▶ Dataset excerpts:
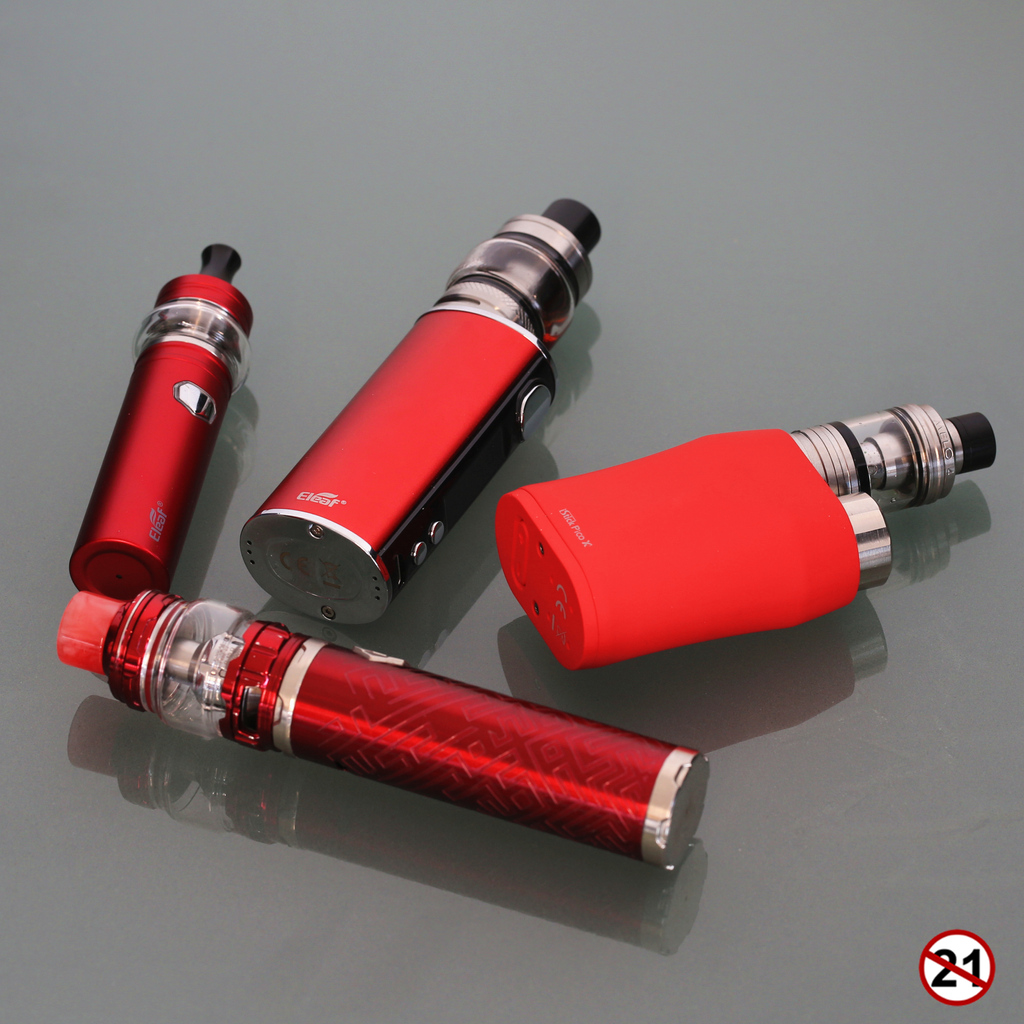 EleafGlobal's tweet photo. My vape collection in brilliant red colorway. โคโคโคโ
Show off your collections.๐โ
โ
#iJustmini #iStickT80 #iStickPicoX #iJust3โ
โ
โ Warning: This product may contain nicotine. Nicotine is an addictive chemical. Our products are restricted to adults 21+ only.โ โ โ https://t.co/tx02bB1FKc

▶ What to work on: A verbatim copy of every entry above, with no pictures, is the expected output.

▶ Response:
 EleafGlobal's tweet photo. My vape collection in brilliant red colorway. โคโคโคโ
Show off your collections.๐โ
โ
#iJustmini #iStickT80 #iStickPicoX #iJust3โ
โ
โ Warning: This product may contain nicotine. Nicotine is an addictive chemical. Our products are restricted to adults 21+ only.โ โ โ https://t.co/tx02bB1FKc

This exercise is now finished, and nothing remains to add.